Data excerpts:
★ ★ ★ ★ ★ ★ ★

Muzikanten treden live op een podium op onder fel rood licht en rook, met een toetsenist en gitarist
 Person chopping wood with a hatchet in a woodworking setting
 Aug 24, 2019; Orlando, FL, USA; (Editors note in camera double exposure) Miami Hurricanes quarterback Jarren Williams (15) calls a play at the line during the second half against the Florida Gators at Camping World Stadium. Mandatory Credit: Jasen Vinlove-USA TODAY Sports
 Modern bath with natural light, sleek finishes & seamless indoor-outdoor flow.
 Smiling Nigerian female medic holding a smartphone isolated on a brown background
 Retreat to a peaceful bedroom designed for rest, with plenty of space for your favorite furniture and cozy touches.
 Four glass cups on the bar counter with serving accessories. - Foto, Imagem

★ ★ ★ ★ ★ ★ ★

*Directions*: Set down the lines above as they stand, starting with the first line and ending with the line that contains "Person chopping wood".

*Response area*:
Muzikanten treden live op een podium op onder fel rood licht en rook, met een toetsenist en gitarist
 Person chopping wood with a hatchet in a woodworking setting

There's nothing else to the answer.